Pridham Karen, Melby Janet N, Brown Roger, Clark Roseanne
Helen Denne Schulte Professor Emerita, University of Wisconsin-Madison School of Nursing. H6/293 Clinical Science Center, 600 Highland Ave., Madison, WI 53726-4054.
Parent Sci Pract. 2010;10(1):18-42. doi: 10.1080/15295190903014596.
Because little is known about the role of family problem-solving processes in the development of mothers' competencies in feeding a very low birth-weight (VLBW) infant, we explored the contribution made by the competence in negotiating displayed by a mother and family member as they jointly problem solve infant-care issues. The infant's neonatal biomedical condition, maternal depressive symptoms, and family poverty status may also contribute to feeding competencies. DESIGN: A sample of 41 mothers of VLBW infants from 2 longitudinal studies who were observed during feeding at 1 and 8 months infant postterm age, with a family member of their choosing, participated in a dyadic problem-solving exercise. We assessed maternal feeding competencies with the Parent-Child Early Relational Assessment (Clark, 1997) and dyadic negotiating competence using an observational scale from the Iowa Family Interaction Rating Scales (Melby & Conger, 2001). We classified infant condition through medical record audit. Maternal depressive symptoms were assessed with the Center for Epidemiologic Studies-Depression (CES-D) Scale (L. S. Radloff, 1977), and family poverty status was determined through the mother's report of family income. RESULTS: Mothers' feeding competencies, structured into 2 factors, Parental Positive Affective Involvement, Sensitivity, and Responsiveness (PPAISR) and Parental Negative Affect and Behavior (PNAB, scored in the direction of low negativity) were stable from 1 to 8 months, accounting for the entire set of predictor variables. Neonatal biomedical condition had no effect on either PPAISR or PNAB; depressive symptoms were negatively associated with PNAB at 8 months; poverty status negatively predicted both PPAISR and PNAB at 1 and 8 months; and negotiating competence of the mother-family member dyad was positively associated with PNAB at 1 month. CONCLUSIONS: Evidence that family poverty status and dyadic negotiating competence were both associated with maternal feeding competencies supports inclusion of these family-level variables in a model of feeding competencies. A mother's negotiating competence with another family member who takes a responsible role in infant care may support maternal feeding competencies during a VLBW infant's early weeks when parenting patterns are forming.

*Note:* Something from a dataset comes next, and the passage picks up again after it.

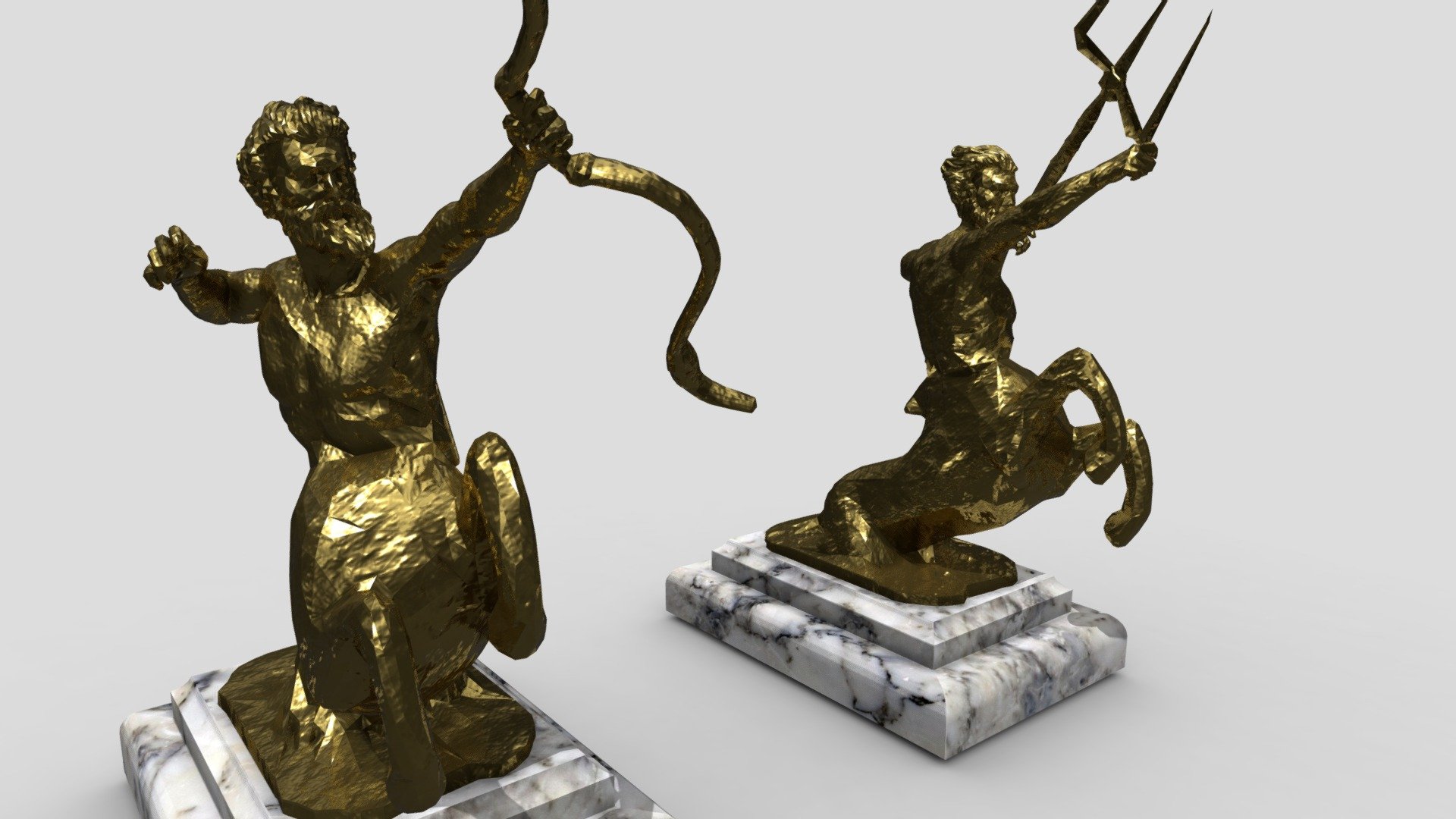 Nergal/Sagittarius & Poseidon (Centaur Statues)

由于对于家庭解决问题的过程在极低出生体重(VLBW)婴儿母亲喂养能力发展中所起的作用了解甚少,我们探讨了母亲与家庭成员在共同解决婴儿护理问题时所展现的协商能力的贡献。婴儿的新生儿生物医学状况、母亲的抑郁症状以及家庭贫困状况也可能对喂养能力产生影响。
从两项纵向研究中选取了41名极低出生体重婴儿的母亲作为样本,她们在婴儿足月后1个月和8个月进行喂养时被观察,且有一名她们选择的家庭成员参与了二元解决问题练习。我们使用亲子早期关系评估量表(Clark,1997)评估母亲的喂养能力,使用爱荷华家庭互动评定量表(Melby & Conger,2001)中的观察量表评估二元协商能力。通过病历审核对婴儿状况进行分类。使用流行病学研究中心抑郁量表(CES-D量表,L. S. Radloff,1977)评估母亲的抑郁症状,并通过母亲报告的家庭收入确定家庭贫困状况。
母亲的喂养能力分为两个因素,即父母积极情感投入、敏感性和反应性(PPAISR)以及父母消极情感和行为(PNAB,低分表示低消极性),从1个月到8个月保持稳定,占所有预测变量。新生儿生物医学状况对PPAISR或PNAB均无影响;抑郁症状在8个月时与PNAB呈负相关;贫困状况在1个月和8个月时对PPAISR和PNAB均有负向预测作用;母亲 - 家庭成员二元组的协商能力在1个月时与PNAB呈正相关。
家庭贫困状况和二元协商能力均与母亲喂养能力相关的证据支持将这些家庭层面的变量纳入喂养能力模型。在育儿模式形成的极低出生体重婴儿早期几周,母亲与在婴儿护理中承担责任的另一名家庭成员的协商能力可能有助于支持母亲的喂养能力。